Security vulnerability in 'debug' dependency

[larsvankleef]

Description:
There is a security vulnerability in one of the dependencies of aframe. It looks like there is no update coming form the debug packages that is currently used. Maybe this package will help you out: https://github.com/visionmedia/debug

source:
https://snyk.io/test/npm/debug/2.6.8

• A-Frame Version: current
• Platform / Device: all

[dmarcos]

Not sure if those npm warnings are worth considering. Debug is just a small logging utility library and we currently use a fork we maintain. Not sure what security vulnerability is the message referring to. Maybe spurious warning?

[EECOLOR]

Not sure if those npm warnings are worth considering.

To me it seems they are always worth considering.

Debug is just a small logging utility library and we currently use a fork we maintain.

You could rename your fork, that would at least not trigger vulnerability reports targeted to other libraries. Also, if you don't want to fix the vulnerability you should mention that the fork should not be used for public consumption in a node.js environment.

As for the threat to applications using aframe. If a bad user somehow is able to influence the information given to the debug library, he is able to make the site unresponsive. I don't know if there is any aframe code executed in server-side rendered situation.

In any case, if you ask me I would say the risk is tolerable to this project. I would just change the name of the library to prevent the 'wrong' vulnerability reports from popping up.

[hugopeixoto]

I don't think that the vulnerability is critical, but having github report a vulnerability as soon as you add A-Frame might be a good reason to try to get rid of the warning.

From what I understand, aframe uses the noTimestamps branch of the ngokevin/debug fork. Here's the PR that introduced it: #2550

Upstream is working on customizing the message format, so it'd be possible to remove the "+Xms" without the need of a fork.

I think this could also be fixed by bringing the fork up to date with the latest upstream.
I did the rebase in my local fork: hugopeixoto/debug@87dba31

I don't think I can just make a PR to ngokevin, because that would show up as 120 commits, and merging it directly to ngokevin/noTimestamps would cause the branch history to become confusing.

If you want to apply it, ngokevin would need to:

• fetch master from upstream
• create a new branch from upstream/master
• cherry pick my commit onto that branch, or let me make a PR targeting the branch
• point ngokevin/noTimestamp to that new branch (git reset --hard and push --force-with-lease)

[emericcolombe]

Hi guys,

I stumbled upon this is issue as well. I have to run my app through a dependency scanner that checks for vulnerabilities, and aframe pops up as vulnerable package because of this little patched debug dependency.
The github advisory is the following:
GHSA-gxpj-cx7g-858c

The noTimestamps branch of the ngokevin/debug made by @ngokevin was based on debug 2.2.0, and the vulnerability was fixed in debug 2.6.9.

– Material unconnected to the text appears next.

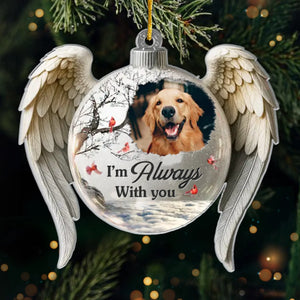 Custom Photo Acrylic Ornament - Personalized Pet Christmas Memorial Sympathy Gifts For Dogs, Cats - Forever In Our Hearts Pawprints Remain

@hugopeixoto already did all the rebase work, do you think we can merge this ?

[dmarcos]

@emericcolombe I tried the rebase and it doesn't work. debug messages don't print in console. Don't have the bandwidth to investigate but if someone wants to get it working happy to incorporate.

[arpu]

@dmarcos i tested with the original debug version from npm 4.3.4

it just works the only different is the +0ms in log

if only the message should be shown we can add debug-js/debug#582 (comment)

[dmarcos]

Thanks. Feel free to open a PR. If we can reproduce same behavior than we have today with a newer version.